MedImg: a database for public medical image integration

Bitao Zhong,Rui Fan,Xiangwen Ji,Qinghua Cui,Chunmei Cui
DOI: https://doi.org/10.1101/2024.04.16.589768
2024-04-20
Abstract:The advancements of deep learning algorithms in medical image analysis has garnered tremendous attention in recent years. Several studies have reported that the models have achieved and even surpassed human performance, whereas the translation of these models into clinical practice is still accompanied by various challenges. A major challenge is the large-scale and well characterized dataset to validate the generalization of models. Therefore, we collected diverse medical image datasets from multiple public sources containing 103 datasets, 1,622,956 images. These images are derived from 14 modalities like XR, CT, MRI, OCT, ultrasound, and endoscopy, and from 9 organs such as lung, brain, eye, and heart. Subsequently, we constructed an online database, MedImg, which incorporates and hierarchically organizes medical images to facilitate data access. MedImg serves as an intuitive and open-access platform for contributing to deep learning-based medical image analysis, accessible at .
Bioinformatics
What problem does this paper attempt to address?

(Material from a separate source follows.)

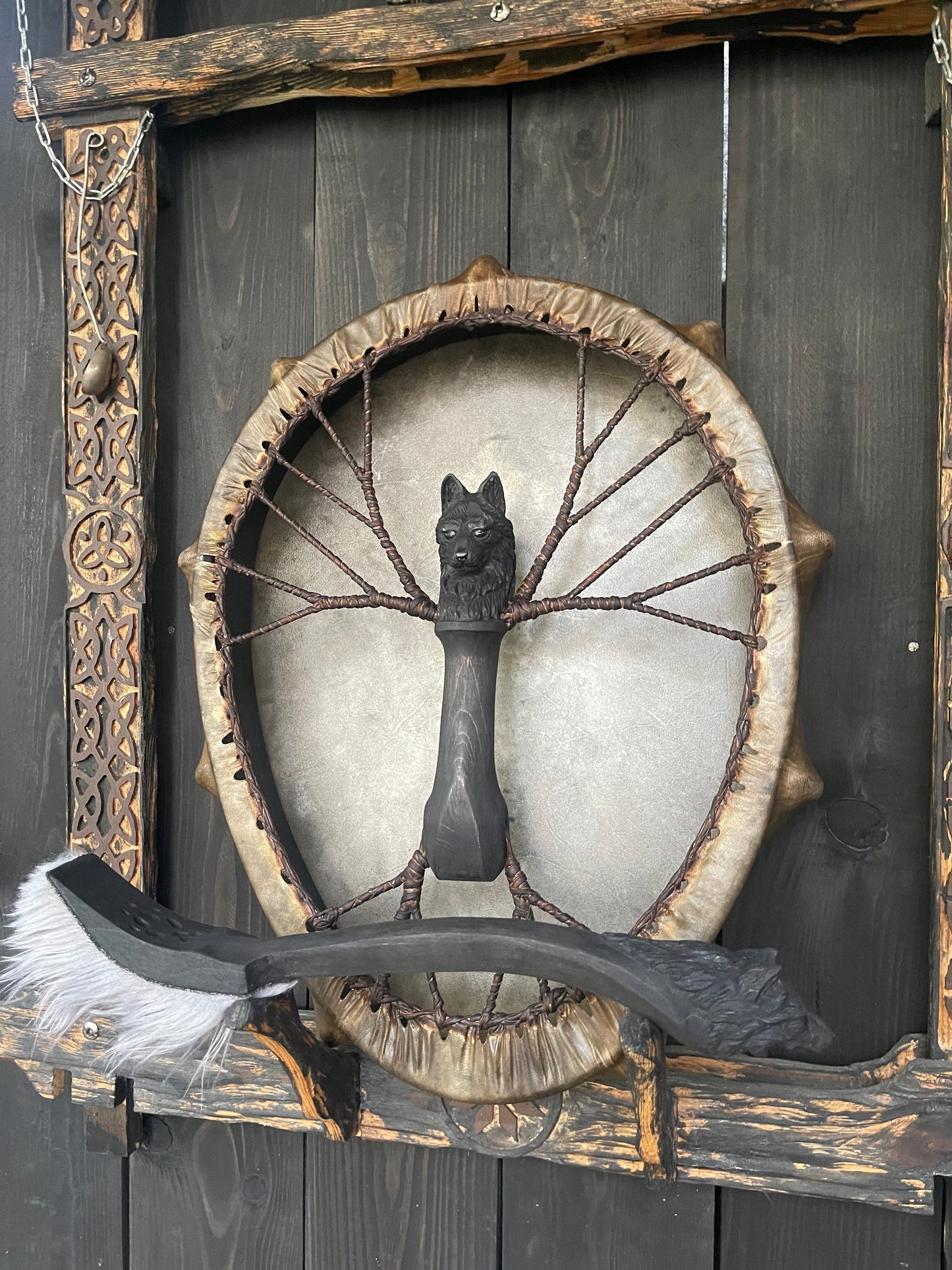 Shaman drum the Wolf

The main problem that this paper attempts to solve is the challenges faced by current deep - learning models in the transformation to clinical practice in the field of medical image analysis, especially the lack of large - scale, multi - modal, and multi - organ high - quality annotated datasets to verify and test the generalization ability of these models. Specifically: 1. **Lack of large - scale and diverse datasets**: Although deep - learning algorithms have made remarkable progress in medical image analysis and even surpassed human performance in some tasks, there are still many challenges in transforming them into clinical applications. A major obstacle is the lack of large - scale and well - characterized datasets, which are crucial for training, validating, and testing deep - learning models. 2. **Limitations of existing databases**: Most of the existing medical image databases focus on a single organ or disease, or only contain a single imaging modality (such as X - ray, CT, MRI, etc.), which limits the development of general - purpose deep - learning models. To solve these problems, the author proposes and constructs an online medical image database named MedImg. This database integrates diverse medical image datasets from multiple public sources and hierarchically organizes all available data according to organs and imaging modalities. The characteristics of the MedImg database include: - **Data scale**: It contains 103 datasets, with a total of 1,622,956 images. - **Diversity of imaging modalities**: It covers 14 imaging modalities, such as X - ray (XR), computed tomography (CT), magnetic resonance imaging (MRI), optical coherence tomography (OCT), ultrasound, and endoscopy, etc. - **Organ coverage**: It involves 9 organs, including the lung, brain, eye, heart, etc. - **Open access**: It provides an intuitive and easy - to - use platform where users can freely browse, retrieve, and download images. By establishing such a comprehensive database, MedImg aims to facilitate researchers' rapid access to benchmark datasets, thereby promoting the development of more general - purpose and robust deep - learning algorithms in medical image analysis.